L’entreprise publique, la politique et le management

C’est, peut-être, le premier acte de “gestion” qu’Air Algérie a connu depuis sa création. En se posant la question de l’utilité économique de sa pléthore d’agences, la “compagnie nationale”, comme aiment à l’appeler les adeptes du conservatisme rentier, se regarde, enfin, en entreprise économique.

L’argument du “pavillon national” en avait fait, jusqu’ici, un parti avec des agences-kasmas dont la fonction était d’assurer la présence territoriale du “pavillon” et l’entretien d’un personnel commercial pléthorique. À l’étranger, ses agences et représentations servaient à assurer une émigration prospère à des enfants de la nomenklatura.

Dans un système rentier et prédateur, la crise a du bon. Elle a du bon en ce qu’elle affecte plus les carrières parasitaires qu’elle ne sanctionne les professionnels qui vivent de leur mérite et de leur labeur.

Jusqu’ici, le transport international assumait, en plus de sa double mission économique et de service public, deux autres fonctions : entretenir le pavillon de souveraineté et financer la demande népotique de positions de rente. Le privilégié de rang moyen qui ne peut pas “hériter” d’un poste dans une ambassade ou un consulat est orienté vers une représentation extraterritoriale de Sonatrach, de la Cnan ou d’Air Algérie.

Cette conception politique de l’entreprise publique s’étend à son utilité sociale. Les collectifs s’y comportent en forces politiques, à chaque fois qu’ils s’en sentent… la force. Le cas de Sider et, surtout, celui de la SNVI sont significatifs de ce dialogue politique qui se présente sous forme de dialogue social. Le budget de l’État est sommé d’assurer la pérennité d’une entreprise qui n’arrive pas à s’imposer par son utilité économique. Le social, teinté de références souverainistes ou patriotardes, est brandi comme finalité de l’entreprise… économique. L’État doit renflouer le budget de la firme à chaque fois que nécessaire, assumant, en quelque sorte, la défaillance considérée, à tort ou à raison, comme le fait des gestionnaires qui, eux, relèvent de la tutelle politique !

Et une institution économique peut ainsi fonctionner en tonneau des Danaïdes. Indéfiniment.
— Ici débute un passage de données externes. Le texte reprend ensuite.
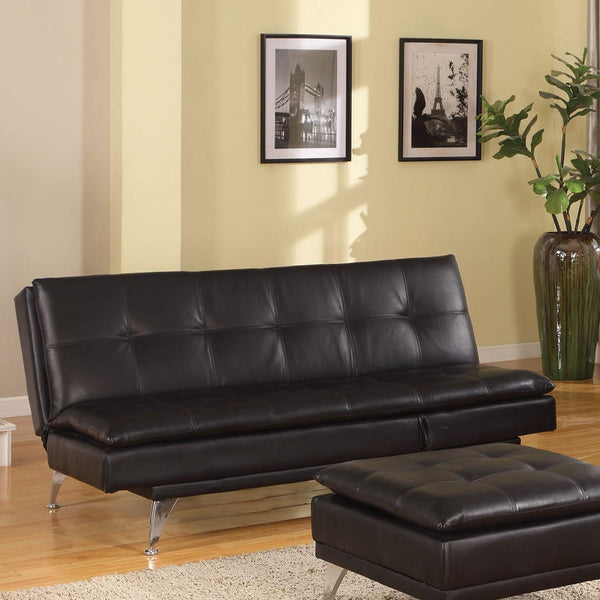 Acme Furniture Frasier Polyurethane Sofabed 57080 IMAGE 1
Alors même que le pays a officiellement adopté le principe de l’économie de marché. Ce qui, logiquement, le contraindrait à en accepter les sanctions. Mais “la paix civile n’a pas de prix”, n’est-ce pas ?

L’impossibilité d’évoluer vers une économie de performance découle de cette double interférence : l’usage népotique, clientéliste et rentier qui est fait des entreprises opérant à l’international, d’un côté, et la prise en compte des entreprises à fort effectif dans la stratégie de gestion de la “paix civile”, de l’autre.

Dans ce contexte, Air Algérie, en envisageant un tel dégraissage commercial et immobilier, s’engage dans une véritable révolution culturelle.